- _Task objective_:
Set down each entry below exactly as written, keeping the pictures out.

- _Provided material_:
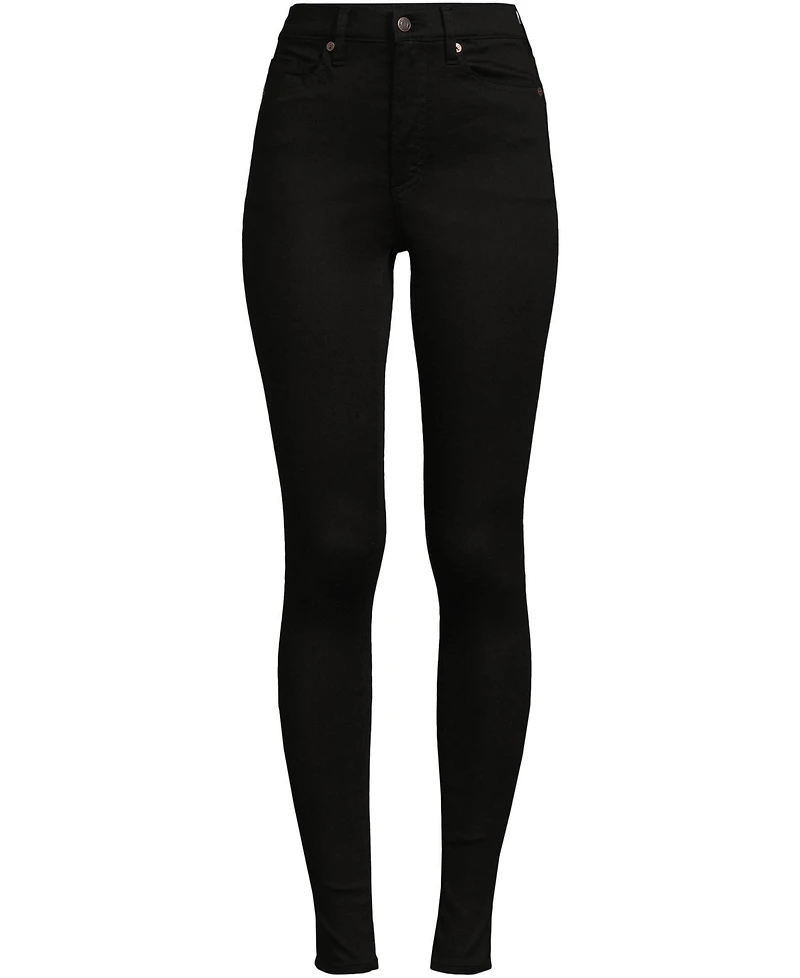 Lands' End Petite High Rise Stretch Denim Skinny Jeans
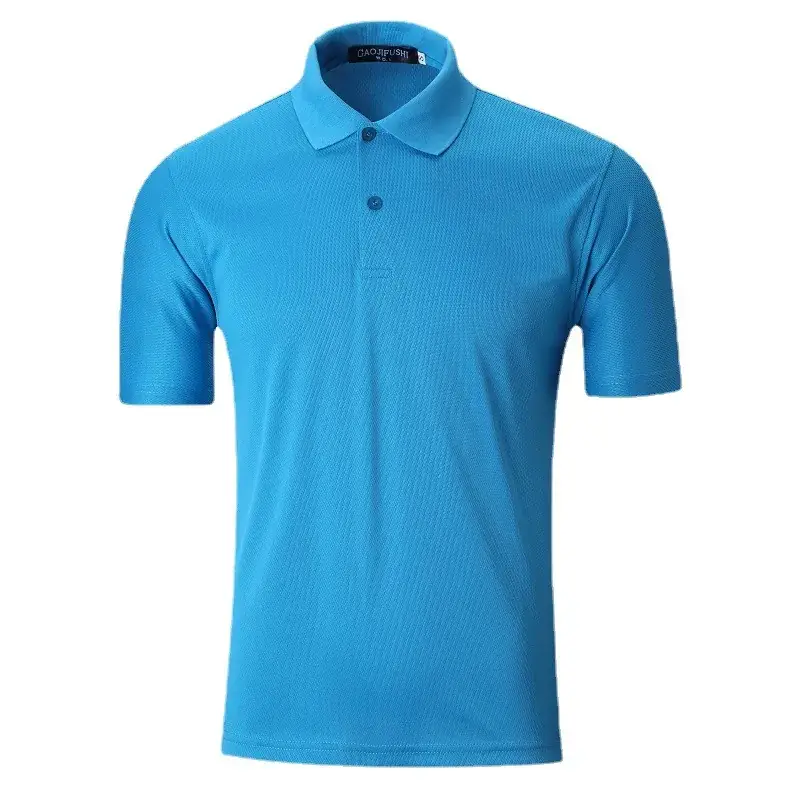 Pink Men's Quick-Drying Polo T-Shirt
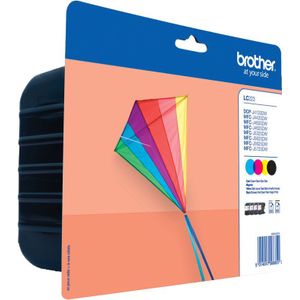 Brother LC-223 Multipack zwart en kleur (LC223VALBP) - Inktcartridge - Origineel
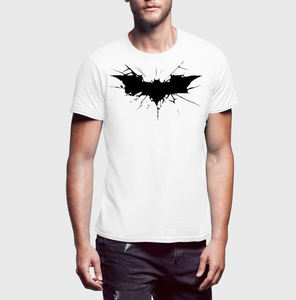 T-shirt en coton tricoté solide et épais pour hommes T-shirt personnalisé pour hommes 100% coton de luxe de qualité côtelée col rond blanc goutte épaule - Product Image 1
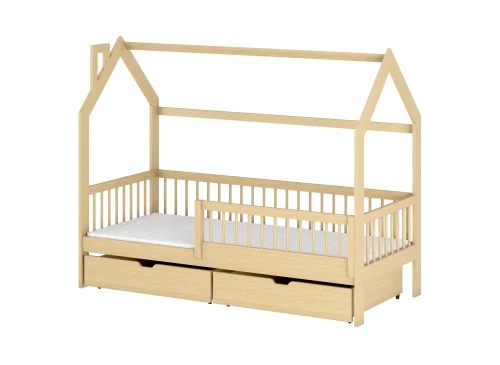 OSKAR 90x200 pin lit cabane enfant Lano Meubles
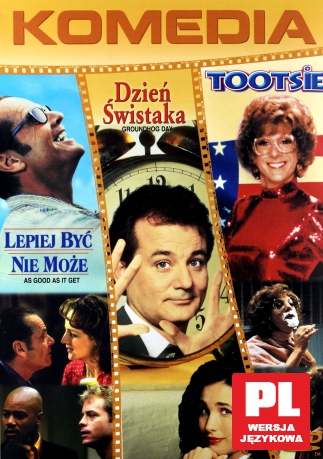 Komedia: Lepiej być nie może / Dzień Świstaka / Tootsie [BOX] [3DVD]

- _Worked solution_:
 Lands' End Petite High Rise Stretch Denim Skinny Jeans
 Pink Men's Quick-Drying Polo T-Shirt
 Brother LC-223 Multipack zwart en kleur (LC223VALBP) - Inktcartridge - Origineel
 T-shirt en coton tricoté solide et épais pour hommes T-shirt personnalisé pour hommes 100% coton de luxe de qualité côtelée col rond blanc goutte épaule - Product Image 1
 OSKAR 90x200 pin lit cabane enfant Lano Meubles
 Komedia: Lepiej być nie może / Dzień Świstaka / Tootsie [BOX] [3DVD]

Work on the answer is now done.